# Makemore: Implement the paper MLP

Following [Bengio et al. 2003](https://www.jmlr.org/papers/volume3/bengio03a/bengio03a.pdf) and [karpathy Andrej's](https://github.com/karpathy/makemore) repo, we try to implement the model step by step with the following

1. `makemore-practice-part1-paper-mlp`: 
    - Demonstration of how statisitcal models can be transform to scalable nn models. For example, bi-gram to nn from scratch.

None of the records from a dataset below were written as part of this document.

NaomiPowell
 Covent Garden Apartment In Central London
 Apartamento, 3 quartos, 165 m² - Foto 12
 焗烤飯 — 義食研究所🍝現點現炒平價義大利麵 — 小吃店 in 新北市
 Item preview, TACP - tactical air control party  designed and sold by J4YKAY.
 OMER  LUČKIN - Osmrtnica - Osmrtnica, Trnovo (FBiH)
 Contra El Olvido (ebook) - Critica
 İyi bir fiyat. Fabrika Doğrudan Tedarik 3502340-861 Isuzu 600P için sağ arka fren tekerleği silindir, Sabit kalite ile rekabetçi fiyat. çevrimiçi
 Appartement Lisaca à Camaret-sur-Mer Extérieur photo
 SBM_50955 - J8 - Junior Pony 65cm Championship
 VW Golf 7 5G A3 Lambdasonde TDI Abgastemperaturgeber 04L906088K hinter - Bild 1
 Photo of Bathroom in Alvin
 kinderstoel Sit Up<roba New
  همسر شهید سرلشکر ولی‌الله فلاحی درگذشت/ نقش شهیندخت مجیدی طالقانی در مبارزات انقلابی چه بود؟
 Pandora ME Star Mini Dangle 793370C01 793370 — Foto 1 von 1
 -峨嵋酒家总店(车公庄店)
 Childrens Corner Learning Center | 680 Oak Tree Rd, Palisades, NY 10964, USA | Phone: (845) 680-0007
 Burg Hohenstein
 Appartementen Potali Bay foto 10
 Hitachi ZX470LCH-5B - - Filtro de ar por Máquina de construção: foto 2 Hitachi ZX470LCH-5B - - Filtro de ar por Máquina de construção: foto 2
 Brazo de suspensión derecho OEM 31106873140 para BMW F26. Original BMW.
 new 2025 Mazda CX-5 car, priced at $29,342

2. `makemore-practice-part2-paper-mlp`: 
    - Implement nn from paper. 
    - Introduce basic concepts, for example creating dataset for language models, embedding, tensor indexing, matrix operations, train-test-split, model fitting, mini-batch, stocastic gradient concept, learning weight visualization for model explanation, and prediction. 
3. `makemore-practice-part3-paper-mlp`: 
    - nn initialization diagostic (after linear/non-linear transformation) and tricks to have good init, for example: ideal init loss, avoid over confidence by scaling, and gain. 
    - Introduce batch-morn approach to stablize nn training from scratch
4. `makemore-practice-part4-paper-mlp`: 
    - Reformat the code by mimicing Pytorch.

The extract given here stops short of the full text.